**Directions for this task:**
Your answer must hold only the lines below from the line containing "Emojis na fachada" through the line containing "statue on Wednesday.", each reproduced exactly.

**Records to process:**
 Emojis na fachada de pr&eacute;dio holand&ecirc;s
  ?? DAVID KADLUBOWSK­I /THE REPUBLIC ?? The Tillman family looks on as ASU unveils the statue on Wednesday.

...

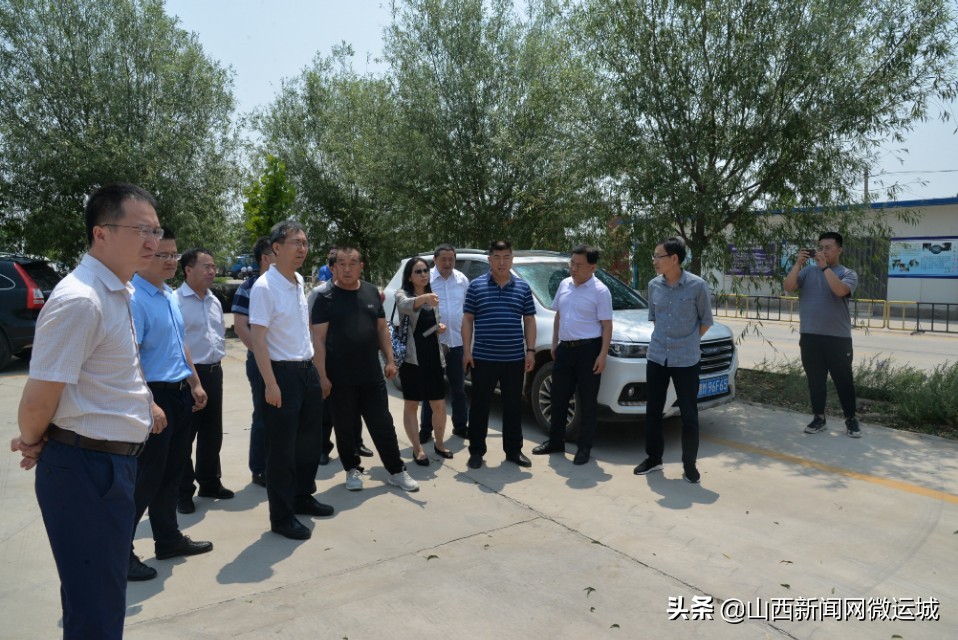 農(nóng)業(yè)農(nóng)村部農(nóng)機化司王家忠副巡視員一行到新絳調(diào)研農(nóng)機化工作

**Output below:**
 Emojis na fachada de pr&eacute;dio holand&ecirc;s
  ?? DAVID KADLUBOWSK­I /THE REPUBLIC ?? The Tillman family looks on as ASU unveils the statue on Wednesday.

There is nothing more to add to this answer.